Writing this turned out to be surprisingly difficult as the article kept on growing too long. I tried to be complete but also concise to make this a useful introduction to how Solaris uses disks and on how device naming works.
So to start at the start: Solaris builds a device tree which is persistent across reboots and even across configuration changes. Once a device is found at a specific position on the system bus, and entry is created for the device instance in the device tree, and an instance number is allocated. Predictably, the first instance of a device is zero, (e.g e1000g0) and subsequent instances of device using the same driver gets allocated instance numbers incrementally (e1000g1, e1000g2, etc). The allocated instance number is registered together with the device driver and path to the physical device in the /etc/path_to_inst file.
This specific feature of Solaris is very important in providing stable, predictable behavior across reboots and hardware changes. For disk controllers this is critical as system bootability depends on it!

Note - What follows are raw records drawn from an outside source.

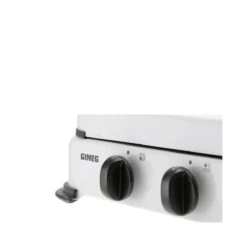 Gimeg Kooktoestel 4-Pits - Wit - Beveiligd -Buitenkampeer Winkel 1200x1200 855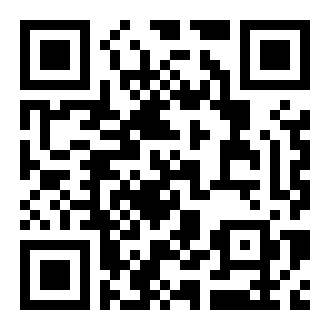 观看视频教程母亲节活动征文8篇通用的二维码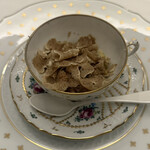 ペレグリーノ - 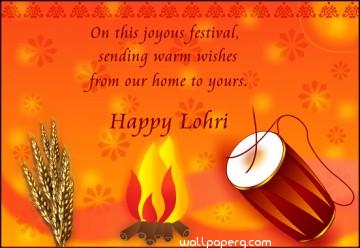 Lohri hd wallpaper for dell laptop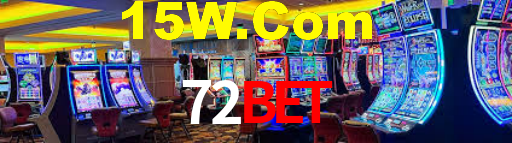 72Bet,72 Bet Com Login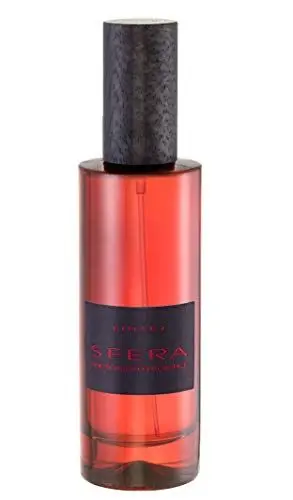 Produktbild: LINARI SFERA Room Spray 100ml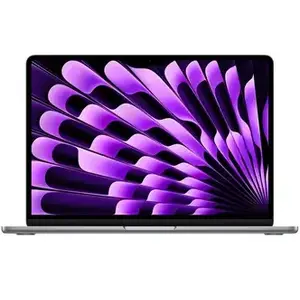 Apple MacBook Air 13'' 256Go SSD 16Go RAM Puce M3 CPU 8 c urs GPU 10 c... pas cher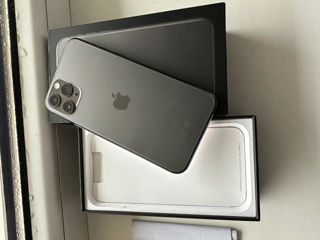 Iphone 11 Pro Space Gray 256 Gb foto 5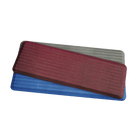 Dynarex | FLATMat Fall Mat | 7073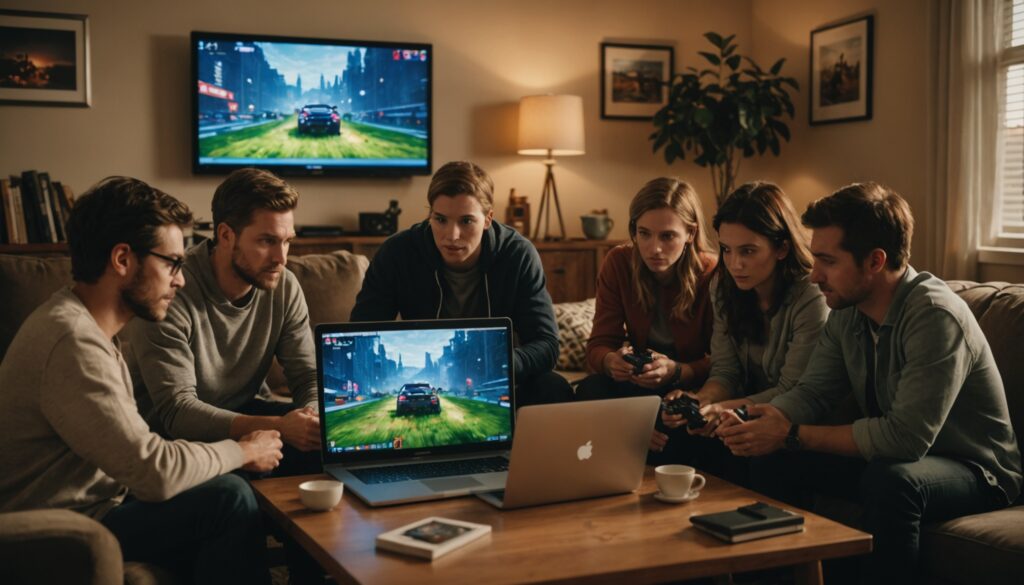 Resident Evil 1 Remake : voci rivelano un remaster in preparazione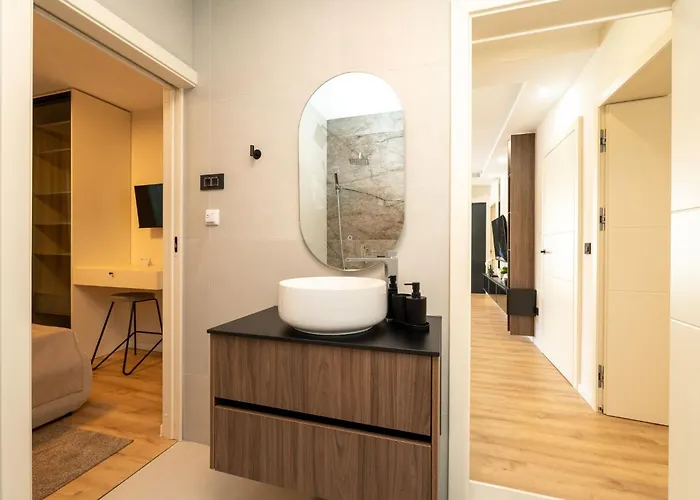 Ballat By Interhome * Privlaka (Zadar)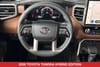 16 thumbnail image of  2026 Toyota Tundra 1794 Edition Hybrid CrewMax 5.5' Bed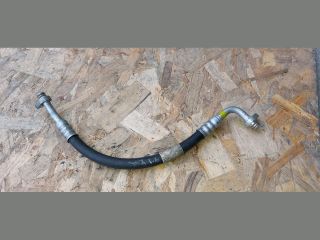 bontott PEUGEOT 307 Első Klíma Cső Kompresszorhoz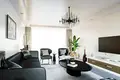 Wohnung 2 zimmer 50 m² Ciplakli, Türkei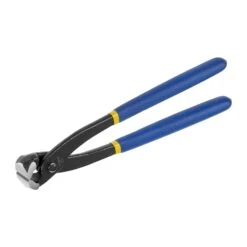 Irwin Constructienijptang TG 9”/225 Mm - 10508154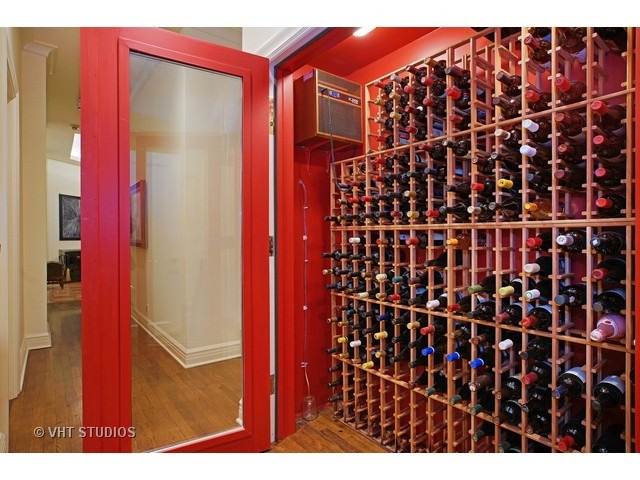 33 E Bellevue Pl #2E, Chicago, IL 60611 photo 23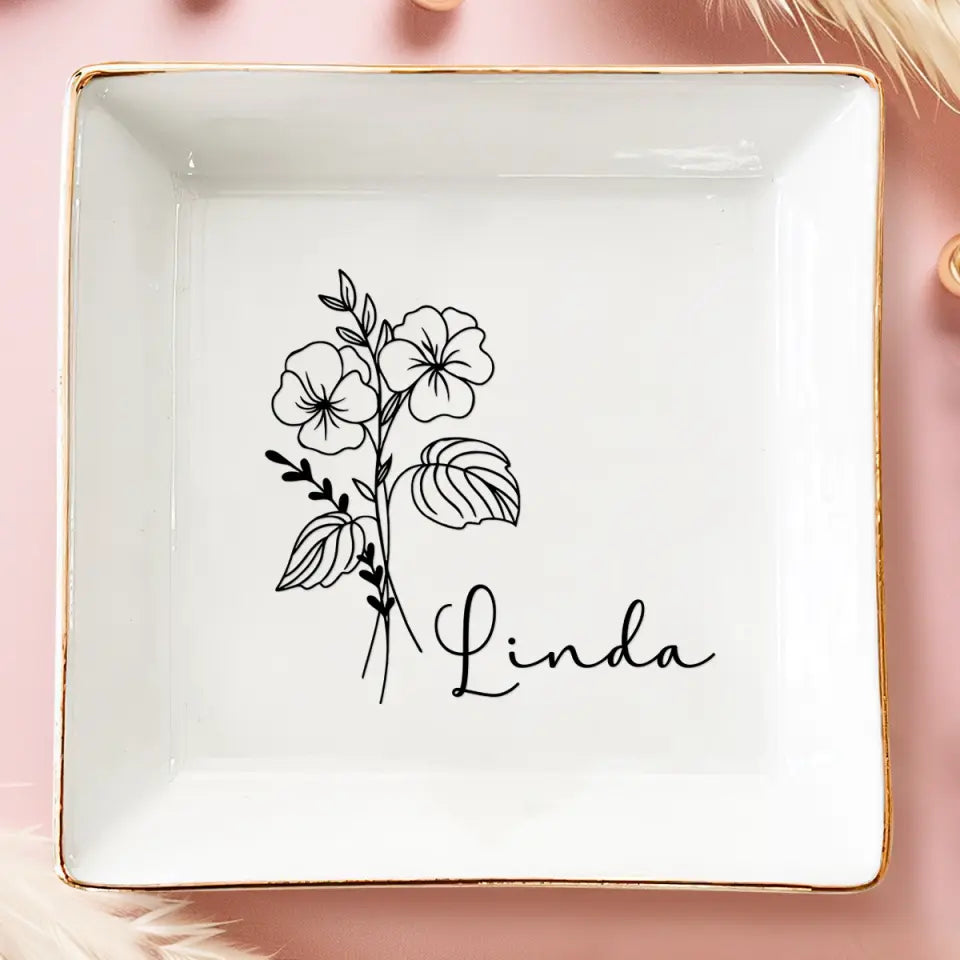 BC-A-FLOWER-BLO-MOCKUP-2-123A3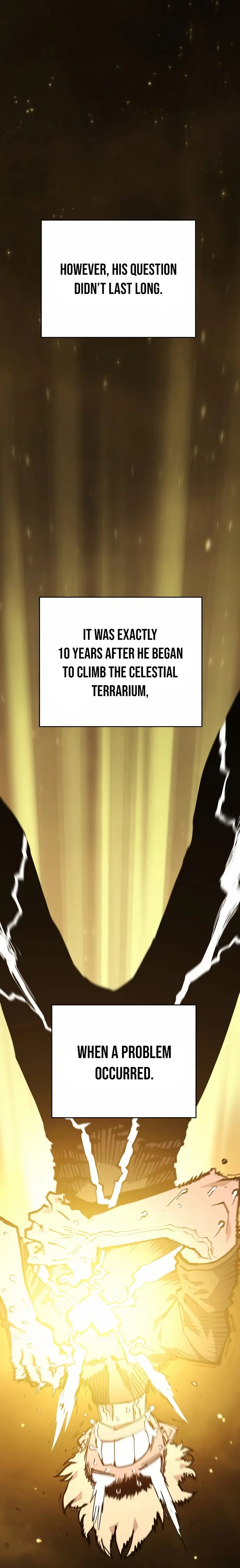 Page 12 of Chapter 132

With Linux, if the first disk in the system is known as /dev/sda, even if it happens to be on the second controller, or have a target number other than zero on that controller. New disk added on the first controller, or on the same controller but with a lower target number, causes the existing disk to move to /dev/sdb, and the new disk then becomes /dev/sda. This used to break systems, causing them to become non-bootable, and was being a general headache. Some methods of dealing with this exists, using unique disk identifiers and device paths based on /dev/disk/by-path, etc.
If a Solaris system is configured initially with all disks attached to the second controlled, the devices will get names starting with c1. Disks added to the first controller later on will have names starting with c0, and the existing disk device names will remain unaffected. If a new controlled is added to the system, it will get a new instance number, e.g c2, and existing disk device names will remain unaffected.
Solaris however composes disk device names (device aliases) of parts which identifies the controller, the target-id, the LUN-id, and finally the slice or partition on the disk.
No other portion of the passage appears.